Monument to Karl Marx in Moscow
- Interactive map of Monument to Karl Marx in Moscow
- Location: Theatre Square, Moscow, Russia
- Coordinates: 55°45′30″N 37°37′10″E﻿ / ﻿55.7583167°N 37.6195722°E
- Designer: Lev Kerbel
- Type: Statue
- Material: Granite
- Opening date: 1961
- Dedicated to: Karl Marx

= Karl Marx monument, Moscow =

Statue of Karl Marx in Moscow, Russia

The Monument to Karl Marx (Russian: Памятник Карлу Марксу) in Moscow is a monument completed in 1961 by Soviet sculptor Lev Kerbel. It is located near the Bolshoi Theatre in Theatre Square.

The monument, weighing 160 tons, is made of a monolithic block of gray granite, mined near Dnepropetrovsk (now Dnipro, Ukraine) in the Kudashevsky mine quarry. Marx is depicted as a speaker standing on the podium, as if addressing the working people with a speech. The monument is decorated bearing the motto of the USSR "Proletarians of All Countries, Unite!" on the front. The sculptural composition is complemented by two granite pylons on both sides of the monument. One of them is carved with the words of Friedrich Engels, said at Marx's funeral: "His name and deed will outlive for centuries"; on the other - Lenin's phrase "The teaching of Marx is omnipotent because it is true."

== History ==
At the beginning of 1957, a new open all-Union competition was held for the best project for a monument to Marx; its winner was a creative team led by sculptor Lev Kerbel, and architects Ruben Begunts, Nikolai Kovalchuk, Vadim Makarevich and Vladimir Morgulis.

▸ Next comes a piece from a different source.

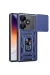 Newface Xiaomi Redmi 13 4G Kılıf Pars Lens Yüzüklü Silikon - Lacivert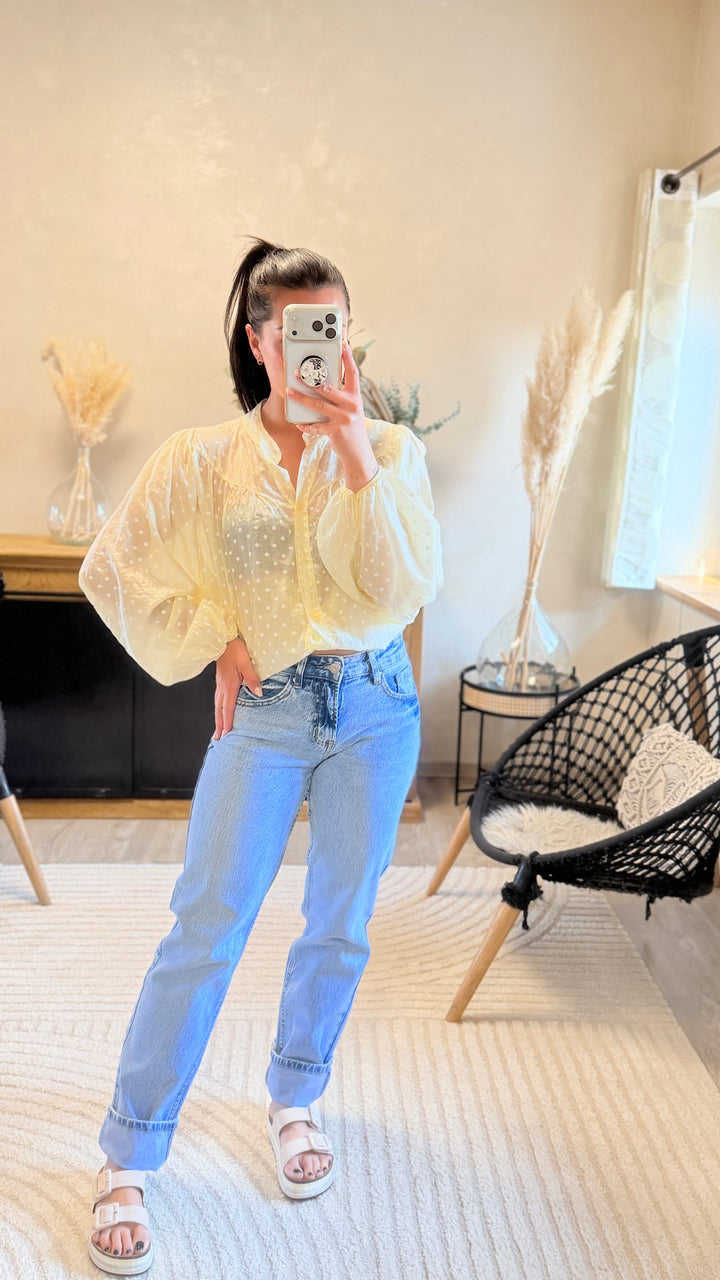 Chemise Max jaune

In October 1961 Nikita Khrushchev inaugurated the monument.

The monument was given protected status as an object of cultural significance by the government of the RSFSR in 1974, and has been included on the Russian cultural heritage register with a federal level of protection since 2016.

== In popular culture ==
In the opening credits of 1988 action film Red Heat, the monument is shown in wintertime, snow covering the front of the foundations.

Soviet actress Faina Ranevskaya notably described the monument as "a refrigerator with a beard".